A Self Regulation Proposal for the Hedge Fund Industry

Posted by Holger Spamann, Harvard Law School, on Thursday January 24, 2008 at 11:02 am

(Editor’s Note: This post comes to us from J.W. Verret.)

(The text of this post summarizes the author’s analysis from an article titled Dr. Jones and the Raiders of Lost Capital: Hedge Fund Regulation Part II, A Self-Regulation Proposal, which will be published in volume 3 (2007) of the Delaware Journal of Corporate Law.)

In 2003, The Securities Exchange Commission instituted a regulation requiring certain hedge funds, previously unregulated, to register as Investment Advisers. That regulation would have meant that funds would have become subject to an intense compliance inspection program. The SEC’s stated goals in instituting this proposal were to minimize instances of fraud perpetrated by hedge funds. Critics of hedge fund registration, such as former Fed Chairman Greenspan, urged that over-regulating hedge funds could mean stifling the liquidity that these funds bring to the securities markets. Other critics argued that hedge funds may have simply moved offshore to avoid the regulation. In the summer of 2006, the District of Columbia Court of Appeals invalidated the 2004 registration provision in Goldstein v. SEC. Since that time, the House Committee on Financial Services, chaired by Rep. Barney Frank, has held hearings into hedge fund regulation. The Administration has announced its intention not to support a further regulatory effort. Though the branches of government are currently at odds, this issue is not likely to go away, especially if Congress and the Executive branch are controlled by the Democratic Party after the ‘08 elections.

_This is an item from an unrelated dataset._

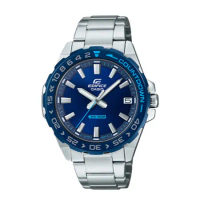 EDIFICE 時尚簡約指針男錶 不鏽鋼錶帶 靛藍 防水100米(EFV-120DB-2A)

In the last ten years, nearly 2 trillion investment dollars have flowed into an industry that found itself at the center of a mutual fund fraud investigation in 2004 and now has a starring role in the subprime lending crisis. Anticipating future regulatory efforts, this article intends to design a regulatory scheme that is more effective and less costly than the SEC’s invalidated registration requirement to provide regulators with an alternative to satiate the desire to “do something” in response to eventual interest group pressure. Self-Regulation is a prominent theme in our capital markets. The NASD and NYSE, now merged to form the FINRA, have long regulated member firms and broker dealers. The Federal Reserve is effectively a quasi Self-Regulatory Organization (”SRO”), with member banks nominating the Regional Presidents. One wonders why the idea of self-regulation in the hedge fund industry has not been previously explored as a viable compromise between the existing extreme views on this topic. Bureaucratic regulators are notoriously slow to innovate their approach, especially when compared to the pace of change in the financial markets, but self-regulators are closer to the front lines. In addition, self-regulatory entities are more sensitive to compliance costs. Even in choosing between equally effective regimes, bureaucratic regulators may, however, have incentives other than cost in mind due to heuristic bias that overemphasizes the risk of scandal or the budgetary allocations that come with enhanced regulatory power.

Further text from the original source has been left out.